Re: "...What is waterboarding, specifically?..."
Basically amounts to "drowning" someone until they are frantically gasping for air, pulling them back up to catch one breath, and then "drowning" them again, over and over...
Waterboarding was a favorite technique of the Nazi SS.
Just ask some of your Jewish relatives with concentration camp numbers tattooed on their arms...they can tell you all about it.
Whenever the Nazi Monsters caught Jews and partisan freedom fighters, they "waterboarded" them [tortured them] until they revealed where other Jews and resistance members were hiding.
After the German surrender to the Allies, Americans charged the Nazi hierarchy with "Crimes against humanity", "Torture", and "Genocide", launching a War of Agression under false pretenses, etc. etc..., put them on public trial before the whole world at Nuremburg, Germany, found them guilty as charged, and HANGED THEM like dogs.
General George Washington personally established the policy that Americans do not and never will torture those detained in jail as well as those captured during warfare.
Mercenary Hessian soldiers under the employ of King George of England, had brutally mistreated and also tortured the American colonists, including torturing and raping women and children.
Eventually, the Revolutionary Army defeated an entire Hessian regiment.
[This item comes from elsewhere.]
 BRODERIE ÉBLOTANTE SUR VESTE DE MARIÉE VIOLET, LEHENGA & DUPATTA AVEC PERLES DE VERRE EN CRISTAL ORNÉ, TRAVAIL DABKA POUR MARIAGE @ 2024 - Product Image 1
Forlorn, they accepted that they would be mistreated by their American captors exactly as they had tortured Americans whom they had captured during the fighting.
General George Washington personally intervened, and declared that America would henceforth be a moral nation, and would never practice torture.
The Hessian captives were so overwhelmed at Washington's honor and moral values, that they switched sides, and asked for asylum in America.
Their request was granted, and the Hessians laid down their arms, and remained in the areas which are now North Carolina, becoming steadfast Americans and great patriots.
TORTURE is a violation of all International Law and standards of civil behavior.
Waterboarding is torture, and those who practice it and endorse it are subject to trial as "War Criminals"; the penalty for which is hanging.
Goering and Himmler and Goebels also could find every justification for torturing captives, and, like Bush, Cheney, Powell, and more than a few U.S. Generals, felt that they were "above any and all laws" and "would never end up brought to trial".
Of course, those reading this can and will do what they choose, but if you believe "waterboarding" is acceptable behavior, then you forfeit any and all rights to complain about the Nazis' torture of righteous Jews and righteous Christians.
Curse me if you want, I could really care less.
The truth is the truth, and no amount of cheap rationalizations or phony patriotism can justify Americans torturing others.